Los tres mosqueteros

Hartazgo 3D

Hay una cuestión que todos deberíamos plantearnos antes de sentarnos frente a una pantalla de cine: ¿Tiene algún sentido ver esta película? Apelo al espectador informado, ese que, independientemente de no pretender sino pasar un rato agradable se toma la molestia de recabar la información previa suficiente para poder tomar una decisión razonada al respecto. En el caso concreto que nos ocupa se trataría de conocer, siquiera mínimamente, la filmografía anterior de Paul W. S. Anderson y, derivado de ello, como las gasta el realizador británico. Y aún más importante, que el ciclo aventurero creado por el inmortal escritor francés Alexandre Dumas ha sido tan sobreexplotado —según mis cuentas tres filmes en menos de dos décadas— que convierte cualquier revisitación en prescindible a priori, máxime si la coartada no es otra —aparte del previsible beneplácito de la taquilla— que contar lo mismo de siempre con la novedad de un soporte tecnológico de última generación.

Vaya por delante que no veo nada de malo en volver cíclicamente a ciertos temas, siempre y cuando los responsables creativos se planteen aportar una mirada fresca y renovadora, o al menos tengan presentes unos mínimos estándares de calidad cinematográfica. Atendiendo a que las correrías aventureras de D´Artagnan, Athos, Porthos y Aramis por la Francia del Cardenal Richelieu han conocido encarnaciones silentes —Fred Niblo—, clásicas —George Sidney—, desmitificadoras —Richard Lester— y descaradamente  mainstream —Stephen Herek— insuflar un hálito novedoso a material tan manoseado se antoja poco menos que imposible; salvo, claro está, que se opte abiertamente por el despropósito. Un dudoso honor que ya ostentaba El mosquetero (The Musketeer. Peter Hyams, 2001), a la que supera Los tres mosqueteros (The Three Musketeers. Paul W. S. Anderson, 2011) por la vía del nonsense.

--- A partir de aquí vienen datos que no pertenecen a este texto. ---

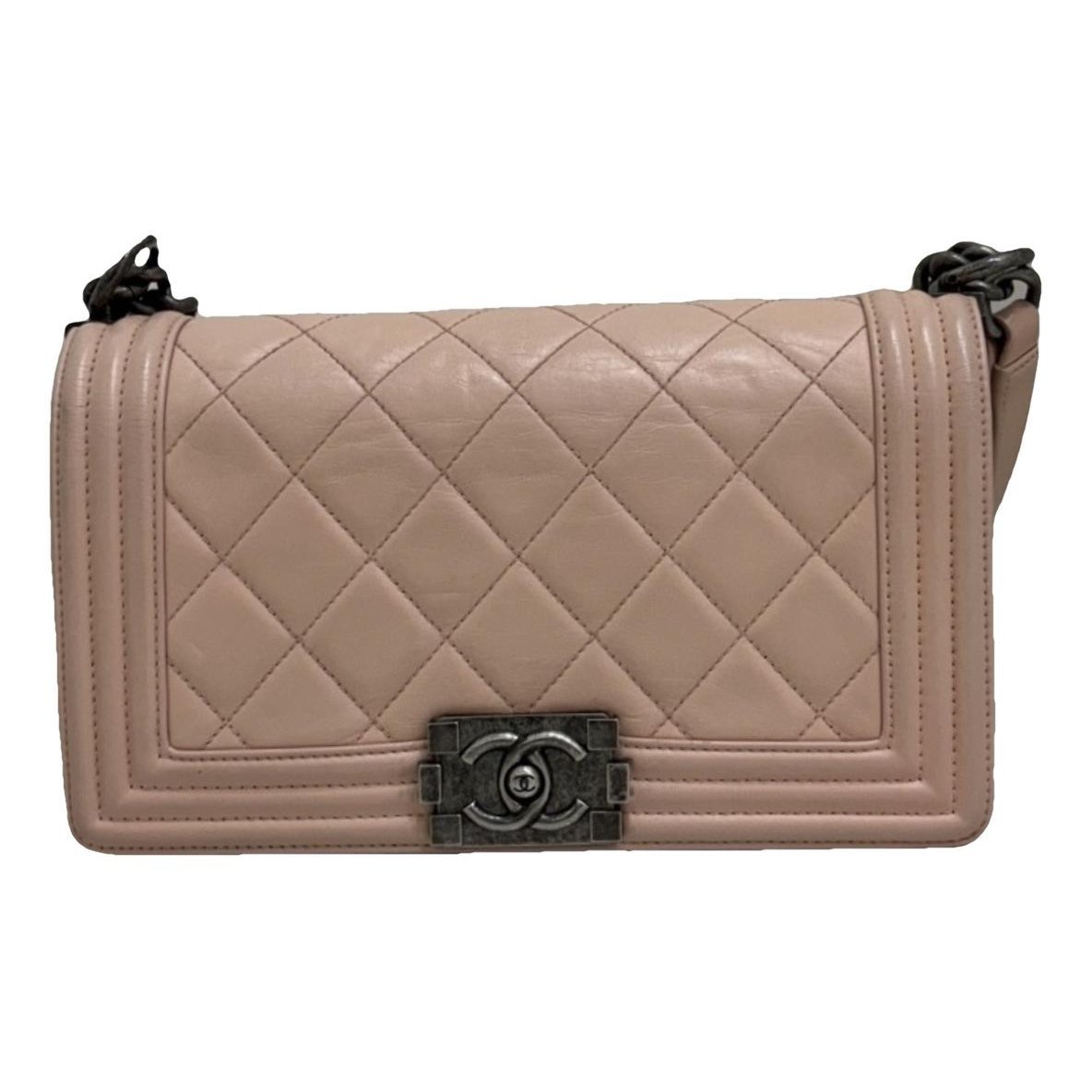 Boy leather handbag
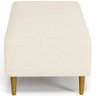 Puff Decorativo Sala de Estar Cléo W01 Pés Palito 90cm - 6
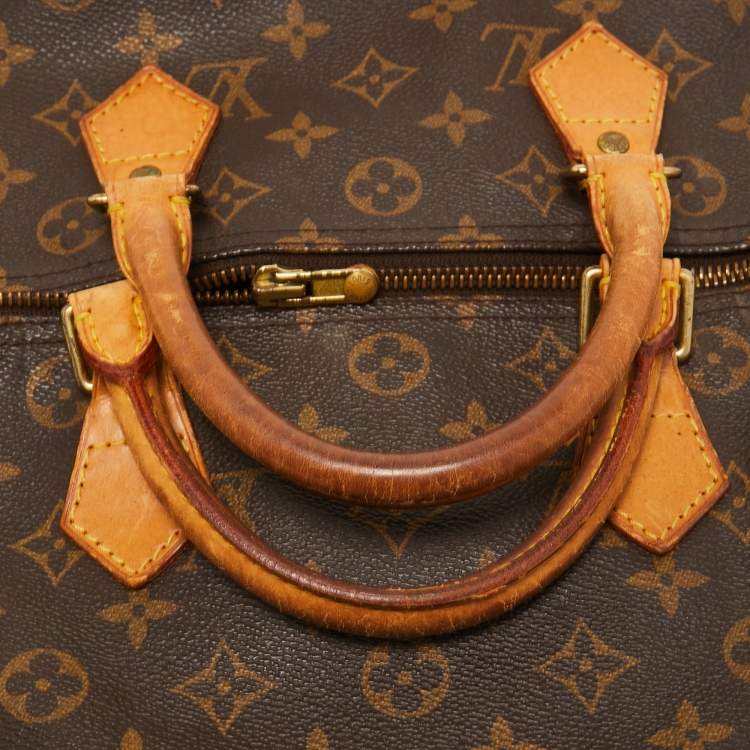 Pre Owned Louis Vuitton Monogram Canvas Speedy 30 Bag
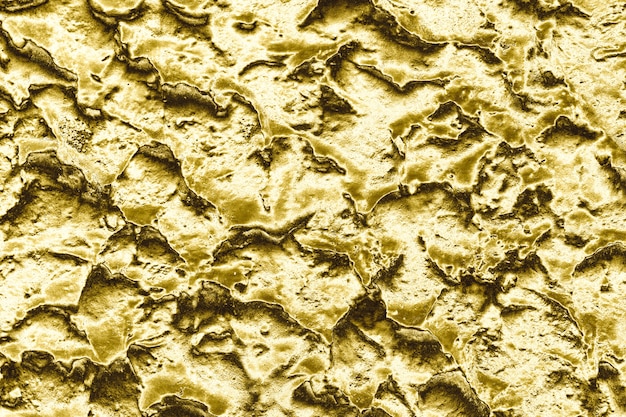 Free Photo textured gold background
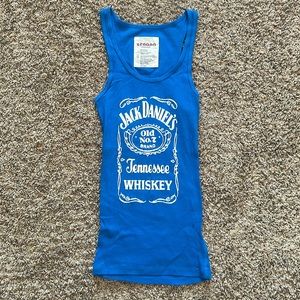 Jack Daniel’s Blue Tank- Small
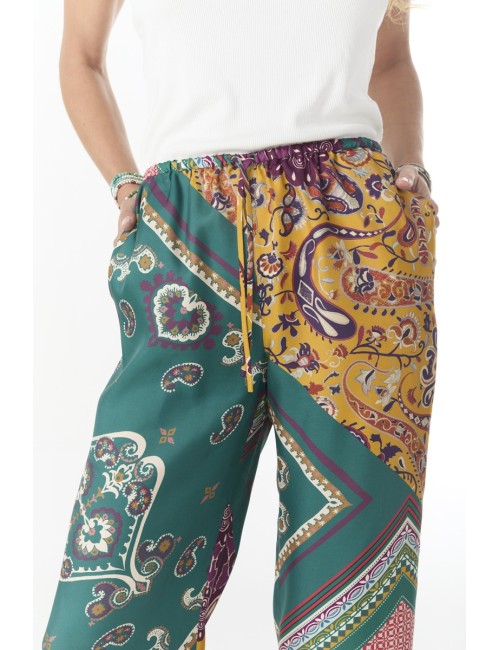 Pantalon GLIFF - Multico / Forêt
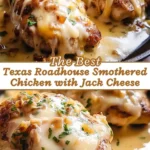 Texas Roadhouse Smothered Chicken with Jack Cheese
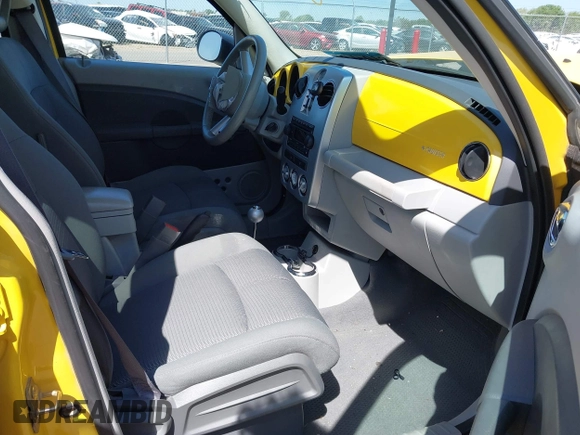 2006 Chrysler PT Cruiser Touring with VIN 3A8FY58B56T222351, listed as a IAAI auction lot 42238055 with 67,961 mi miles and . Bid and sale history available at DreamBid. Image 5.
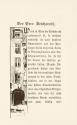 Koloman Moser, Initiale "Der Herr Reichsrath", 1896, Buchdruck, Blattmaße: 13,5 × 8,5 cm, Wien  ...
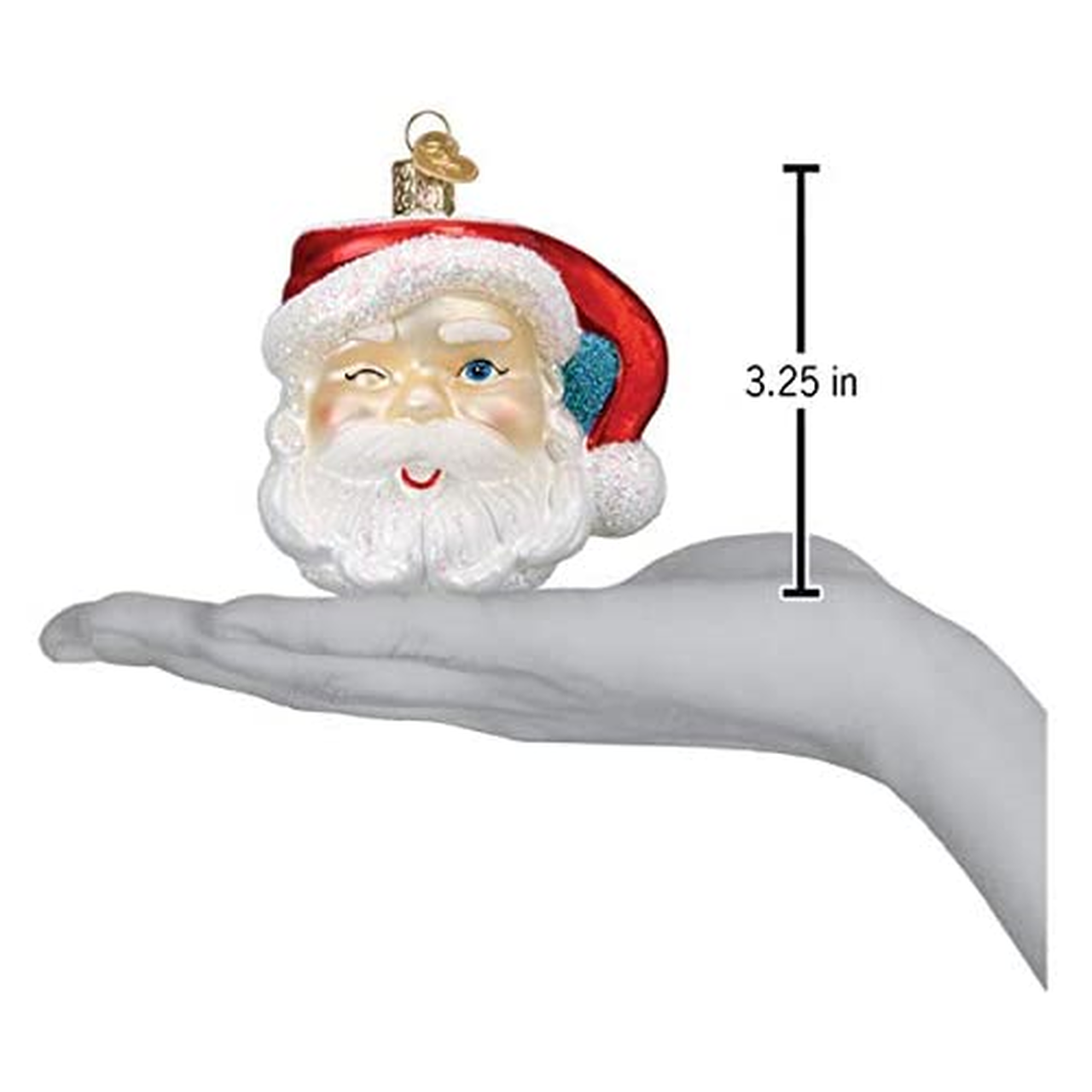 Santa Mug Ornament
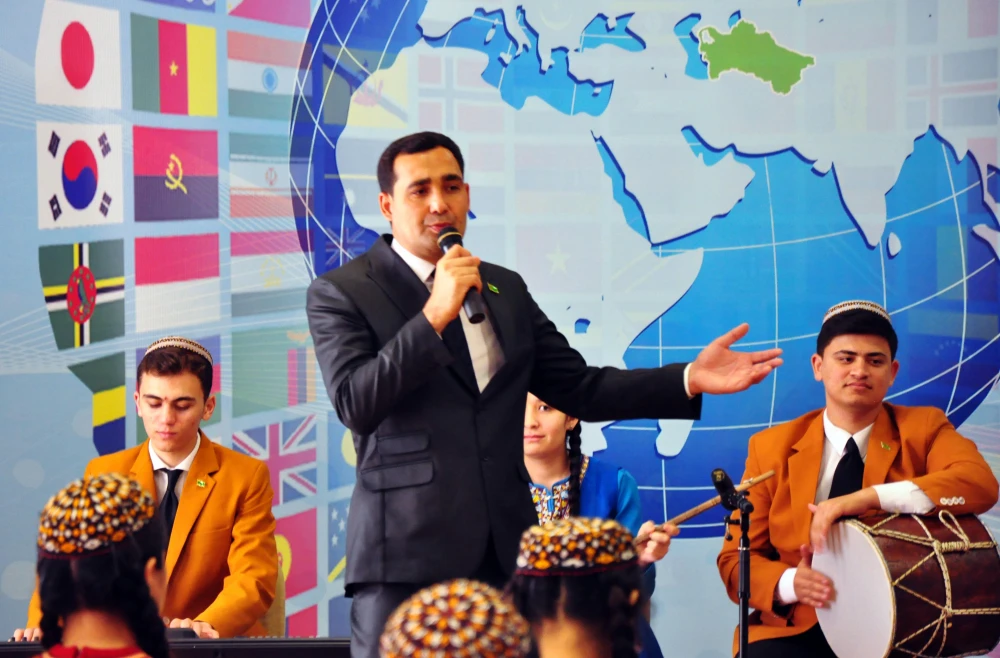 “Tebigaty goramak – mukaddes borçdyr” atly aýdym-sazly duşuşyk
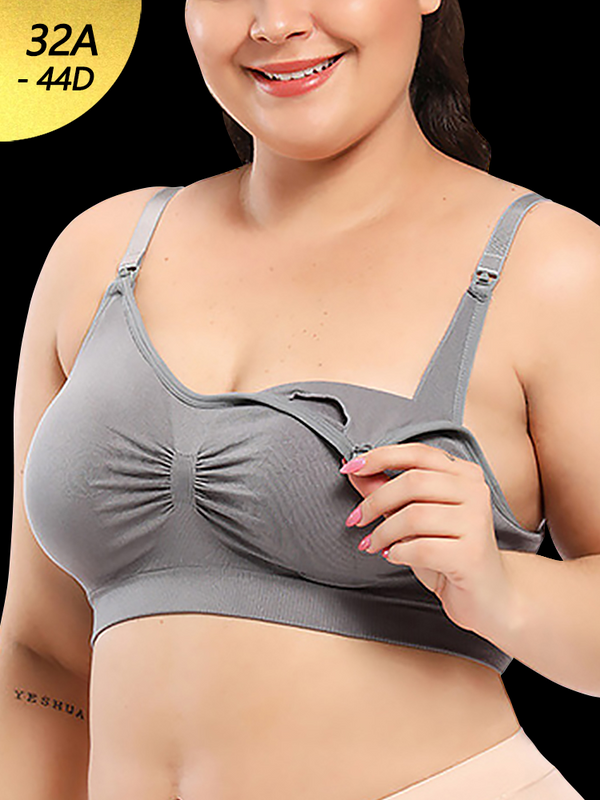 Women's Sleeping Comfort Wireless Breastfeeding Bras
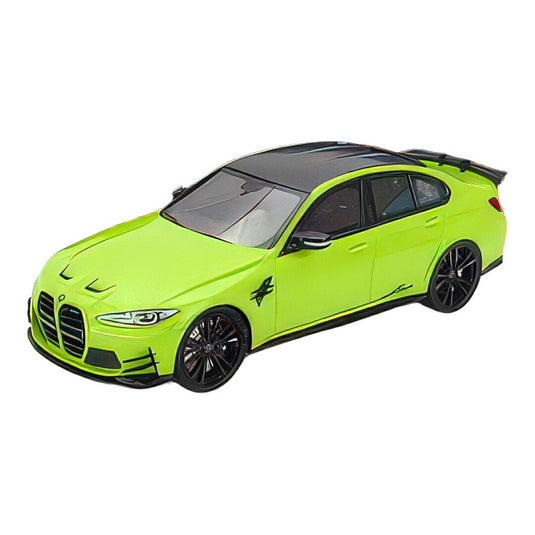 BMW ACシュニッツァー M3 コンペティション G80 サンパウロイエロー / TrueScale 1/43 ミニカー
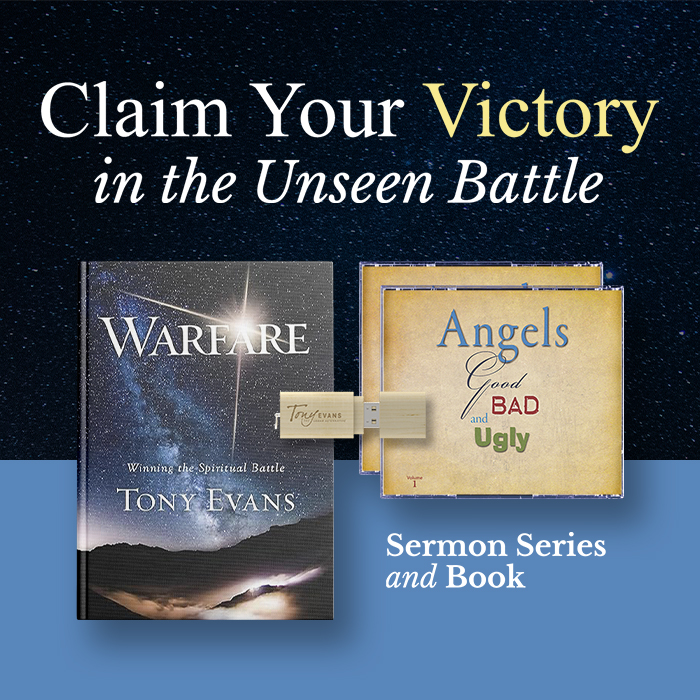 Claim your victory in the unseen battle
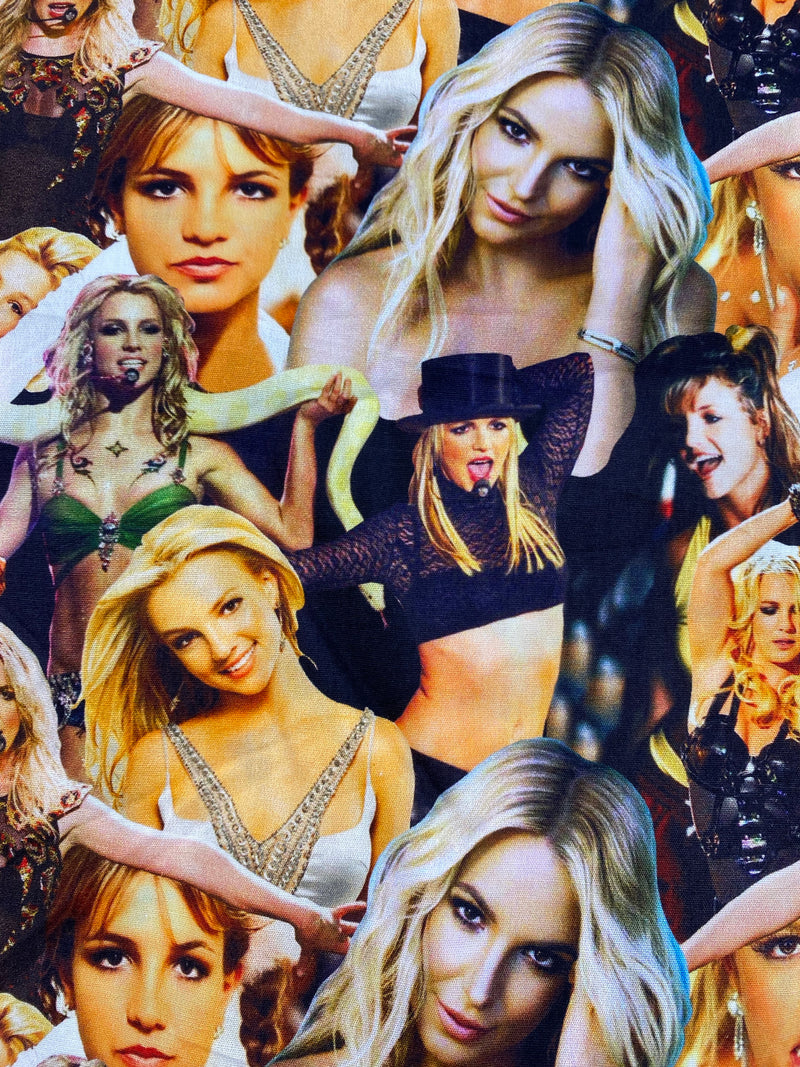 Brittany Spears Faces WOVEN RTS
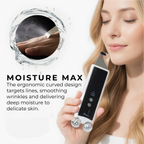 Ultrasonic Facial Scrubber with EMS & LED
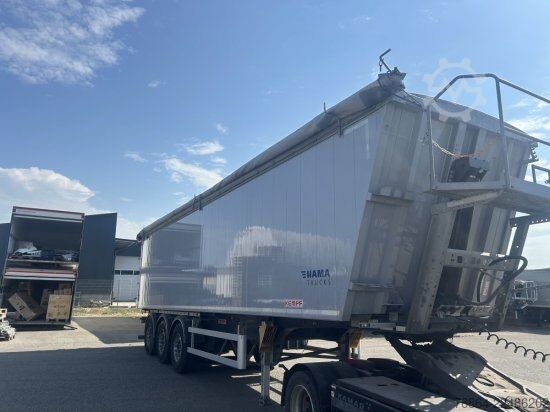टिपर सेमिट्रेलर KEMPF SKM 39 ALU-KASTENMULDE 55M³ ROLLPLANE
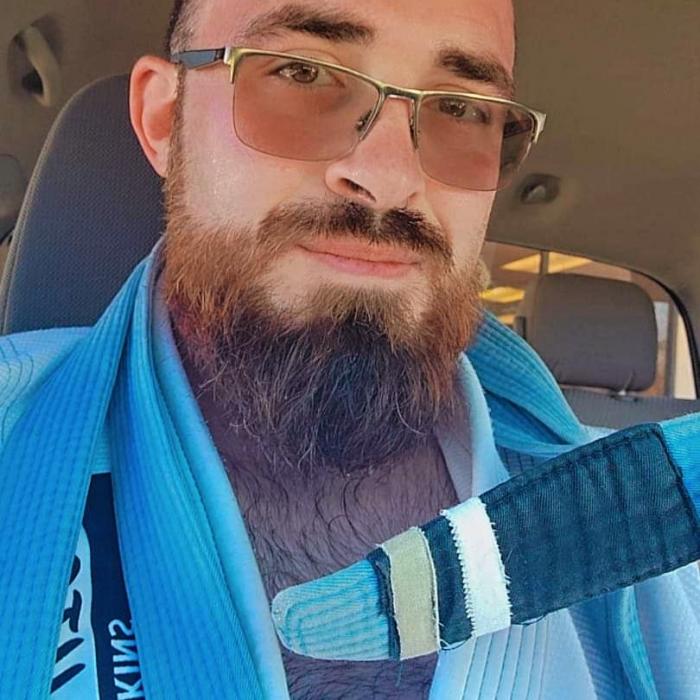 2nd Blue belt stripe!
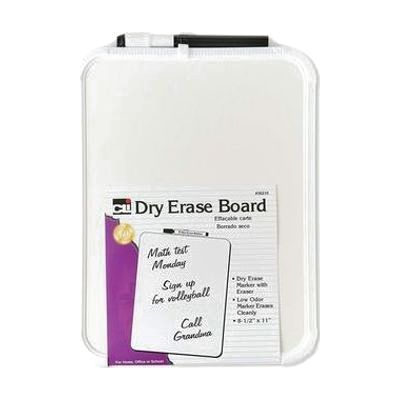 Communication Board - Dry Erase - 8 1-2 inches x 11 inches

El festivo prólogo en Venecia tiene la virtud, en este sentido, de condensar en pocos minutos todo lo que se extenderá agotadoramente después; tanto el inexistente diseño de personajes como la aparatosa parafernalia visual, sin olvidar la sonrojante falta de coherencia —y en el mayor de los casos, interés— de la práctica totalidad de las secuencias que desfilan sin orden ni concierto ante nuestros ojos se enseñorean de una propuesta que hace de la pirotecnia digital y el guiño cómplice a la platea su principal razón de ser. El indigesto pastiche a que dan lugar tales ingredientes resultaría más digerible si al menos fuera divertido o formalmente brillante, pero los recurrentes chistes no tienen maldita la gracia y los momentos bigger than life, por definirlos de alguna manera, se limitan a una batalla de barcos voladores filmada con escaso brío y unos cuantos duelos espada en mano donde la tensión, al igual que la planificación de cámara, brilla por su ausencia.

Lo que no falta es la generosa presencia de Milla Jovovich, trasmutada para la ocasión en una Milady de Winter empeñada en eclipsar al resto del reparto a base de acrobacias en bullet time —cual Trinity del Antiguo Régimen— y apretados corsés. El peso que adquiere un rol secundario en manos de la protagonista absoluta de varias de las películas de Paul W.S. Anderson redunda en la certeza de que, definitivamente superadas las eficaces atmósferas de género —Horizonte Final (Event Horizon, 1997)— de sus inicios lo único que parece importarle al susodicho en la actualidad es diseñar artefactos lúdicos a la medida de su hueca concepción del entretenimiento, con la esperanza de que el deseado demográfico diana se lo pase tan bien como él. No es de extrañar entonces que el uso del 3D, principal reclamo publicitario de la catarata de oportunistas remakes facturados en los últimos años se limite, en el mejor de los casos, a jugar con la profundidad de campo de las amplias estancias palaciegas; en el peor, a entorpecer el correcto seguimiento de las secuencias de acción a base de juegos malabares. Los tres mosqueteros se convierte, por sus propios deméritos, en muestra evidente del infantilismo agudo  al que aboca el uso abusivo de este caro formato, añadiendo una razón más a las ya apuntadas para no verla: pagar once euros por la entrada.